Questions about batchsize and learning rate settings for DDP and single-card training
Single-card network training, batchsize = 8, learning rate = 10e-4
Now it is changed to DDP single machine multi-card (one node 4 GPUs) training Like the following solution:
import torch.distributed as dist
dist.init_process_group(backend='nccl', init_method=init_method, world_size=args.nprocs, rank=local_rank)
At this time, if the batch size is set to 8 and the learning rate is set to 10e-4, the training time of DPP is less than single card. However, looking at the loss curve, the number of epochs required for convergence is obviously much greater than that of a single card.
I would like to ask, if the batch size remains unchanged in DDP, does the learning rate need to be increased? how to increased?

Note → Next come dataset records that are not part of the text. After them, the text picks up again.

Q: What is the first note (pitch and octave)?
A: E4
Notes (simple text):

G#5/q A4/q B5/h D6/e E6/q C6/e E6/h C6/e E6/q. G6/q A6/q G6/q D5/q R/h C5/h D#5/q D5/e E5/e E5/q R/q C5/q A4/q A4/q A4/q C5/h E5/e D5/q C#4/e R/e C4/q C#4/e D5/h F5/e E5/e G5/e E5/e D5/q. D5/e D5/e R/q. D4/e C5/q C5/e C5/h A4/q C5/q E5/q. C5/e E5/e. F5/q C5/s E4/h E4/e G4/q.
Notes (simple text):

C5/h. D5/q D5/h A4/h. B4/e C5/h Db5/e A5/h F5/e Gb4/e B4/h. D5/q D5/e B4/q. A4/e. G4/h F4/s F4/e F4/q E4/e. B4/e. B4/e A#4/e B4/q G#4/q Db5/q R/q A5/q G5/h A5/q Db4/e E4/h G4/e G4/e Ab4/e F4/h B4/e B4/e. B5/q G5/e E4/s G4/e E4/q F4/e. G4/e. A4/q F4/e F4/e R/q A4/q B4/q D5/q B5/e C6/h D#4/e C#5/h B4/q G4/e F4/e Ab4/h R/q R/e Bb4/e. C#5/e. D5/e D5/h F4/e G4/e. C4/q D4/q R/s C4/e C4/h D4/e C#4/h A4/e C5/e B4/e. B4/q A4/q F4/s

If I want to keep the same training effect as a single card, whether to set the batchsize to (8 / gpu numbers)?
I have tried setting batchsize on DDP to 2, which is the batchsize/gpu number of a single card, but there is no conclusion yet.

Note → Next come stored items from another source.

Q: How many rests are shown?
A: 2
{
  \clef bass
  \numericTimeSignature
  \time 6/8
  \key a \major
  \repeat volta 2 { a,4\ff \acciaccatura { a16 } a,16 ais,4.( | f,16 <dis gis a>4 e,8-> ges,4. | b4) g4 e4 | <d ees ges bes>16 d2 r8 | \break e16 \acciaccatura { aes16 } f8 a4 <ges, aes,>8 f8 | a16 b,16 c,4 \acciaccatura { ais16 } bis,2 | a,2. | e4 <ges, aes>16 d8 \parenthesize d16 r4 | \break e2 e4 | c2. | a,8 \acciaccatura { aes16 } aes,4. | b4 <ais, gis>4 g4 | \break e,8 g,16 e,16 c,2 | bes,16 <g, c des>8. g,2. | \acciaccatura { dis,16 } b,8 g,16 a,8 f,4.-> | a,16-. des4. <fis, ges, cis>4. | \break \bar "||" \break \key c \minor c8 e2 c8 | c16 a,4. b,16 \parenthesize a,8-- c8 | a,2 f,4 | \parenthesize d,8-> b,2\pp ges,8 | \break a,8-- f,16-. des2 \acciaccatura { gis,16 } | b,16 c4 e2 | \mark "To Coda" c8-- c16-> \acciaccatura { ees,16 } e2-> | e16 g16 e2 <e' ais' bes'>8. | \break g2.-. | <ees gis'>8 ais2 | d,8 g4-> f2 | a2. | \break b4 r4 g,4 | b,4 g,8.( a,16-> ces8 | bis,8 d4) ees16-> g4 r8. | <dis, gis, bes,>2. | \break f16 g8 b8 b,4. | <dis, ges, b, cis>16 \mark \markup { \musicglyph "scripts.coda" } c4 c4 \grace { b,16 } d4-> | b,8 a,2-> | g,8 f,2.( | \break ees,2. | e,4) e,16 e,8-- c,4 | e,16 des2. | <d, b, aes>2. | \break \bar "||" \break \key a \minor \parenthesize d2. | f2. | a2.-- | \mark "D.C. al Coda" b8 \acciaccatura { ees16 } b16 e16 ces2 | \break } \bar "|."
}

The batch size in DDP is batch size per GPU. With four GPUs, your true batch size is
8*4=32. When your batch size is larger, you have fewer batches per epoch, and therefore fewer gradient updates. For your case, you would need 4 epochs of DDP training to have the same number of parameter update steps as one epoch of single GPU training.DDP averages gradients between nodes, so you don't need to worry about changing the learning rate (this would not be the case if gradients were summed).